How to fabricate a presidential race





Hold the presses!  Ben Carson is edging ahead of Donald Trump!

Or so the New York Times informs us, right in the headline about its co-sponsored survey of Republican voters.  A little further down in the story, the Times confides that the size of the difference in proportions of respondents who prefer Carson or Trump for president is “within the margin of sampling error.” Having gotten that irksome ritual phrase out of the way, the Times goes on to analyze the race as if Carson really was in the lead.

Unfortunately for the Times, the “margin of error” is exactly that.  The race is too close to call.  In the survey, the difference between the proportions supporting Carson and Trump is so small that among all Republicans it might well be zero.   Had the Times and CBS News surveyed voters the day before, they might easily have found that Trump on top.

Sometimes polls are meaningful even when we can’t generalize from them.  For example, suppose that we survey all Times reporters and find that 51% of them are Republicans. We might not be able to deduce that most reporters in the US are Republicans, but at least we know that to be true of one of the country’s most influential newspapers.  But in the case at hand, the sample has no meaning other than what we can infer about Republicans in general.  The fact that Carson is slightly ahead of Trump in the sample has no significance.  It wouldn’t merit a headline in even the Western Succotash News-Free Press.

Journalists sometimes dismiss the margin of error because they think that it refers to mistakes by the surveyors, such as coding the wrong answer.  Surely, they reason, if the surveyors are careful, the “margin of error” will be just an empty phrase.

In reality, the margin of error refers to all chance events that affect the outcome of the survey.  Most of them are unavoidable.

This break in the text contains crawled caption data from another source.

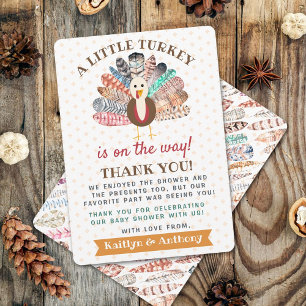 Little Turkey On The Way! Thanksgiving Baby Shower Thank You Card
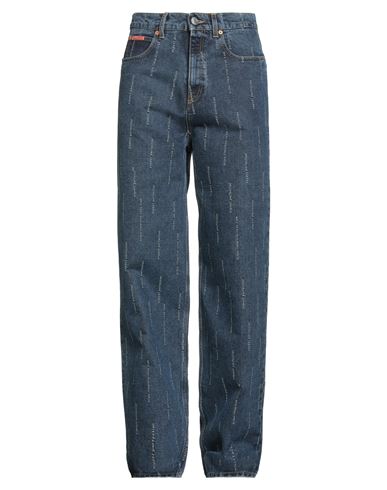 Martine Rose Man Jeans Blue Size M Cotton In Blue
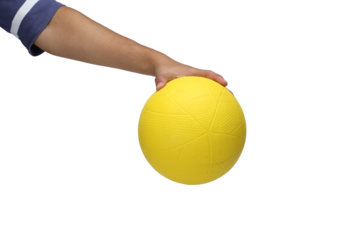 a man hand holding a volleyball ball on white background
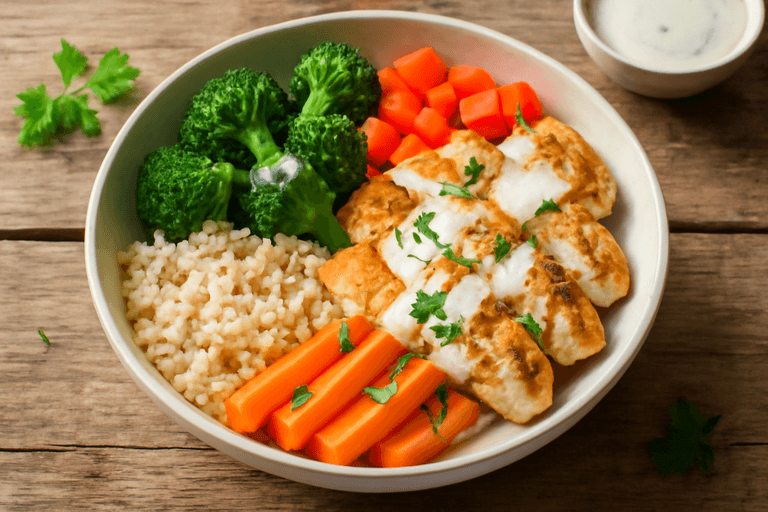 Leichter Hähnchen-Gemüse-Bowl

For example, the sample of voters surveyed is virtually never a perfect mirror of all Republicans.  Even if it is, the responses are still subject to randomness.  An indifferent voter may state a preference for Carson today and Trump tomorrow. 

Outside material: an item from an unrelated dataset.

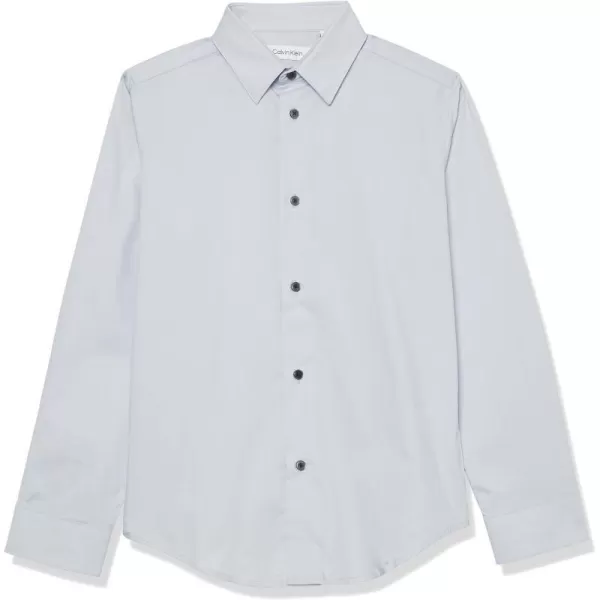 Calvin Klein Boys Long Sleeve Slim Fit Dress Shirt Style with Buttoned Cuffs amp Shirttail HemSilver Metal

Before declaring that Carson (or Trump) is in the lead, we must calculate the size of random factors.  If we are willing to live with only a 5% chance of being wrong about the leader, and the survey responses vary so much from day to day that there’s a 10% chance of being wrong, then we should confess that we don’t really know who’s in the lead.  That won’t get us on page one, but it happens to be the truth.

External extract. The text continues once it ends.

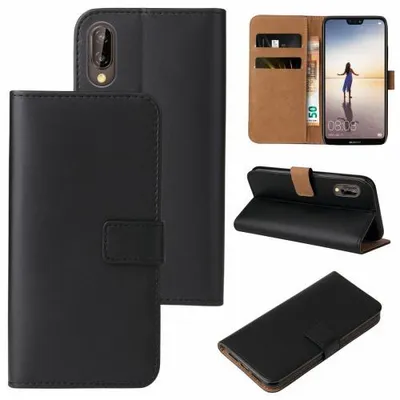 Produktbild von Kunstleder Flip-Hülle für Smartphones - Farbe: Schwarz - Modellkompatibilität: Für Huawei P20 Lite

 Leon Taylor, tayloralmaty@gmail.com

Notes

These points also apply to the survey questions about voter attitudes, about which the Times speculates in great detail but without a single reference to a confidence interval.  Given the amount of dough that the Times and CBS News are spending on the survey, they would be well within their rights to demand that the pollsters provide a 95% confidence interval for each question. 

Such an interval means this: If we take 100 random samples of Republicans, then the interval will include the percentages backing a given position in at least 95 of the samples.  For example, suppose that the confidence interval for the difference in shares of respondents backing Carson and Trump is [-2%, 2%].  Then we may expect that in 95 or more of 100 samples, the difference in shares will be between -2% (Trump leads slightly) and 2% (Carson leads slightly).  Since the confidence interval includes zero, we cannot rule out the possibility that among all Republicans the race is a dead heat.

Now suppose instead that the 95% confidence interval is [2%, 4%].  Then, in at least 95 of the 100 samples, Carson would be in the lead by 2% to 4%. Since chances are less than 5% that Trump leads or that the two candidates are tied, we could safely conclude that Carson is the leader among all Republicans.

  
 References 

Jonathan Martin and Dalia Sussman.  Poll watch: Ben Carson edges ahead nationally in Times/CBS News poll.  New York Times.  October 28, 2015.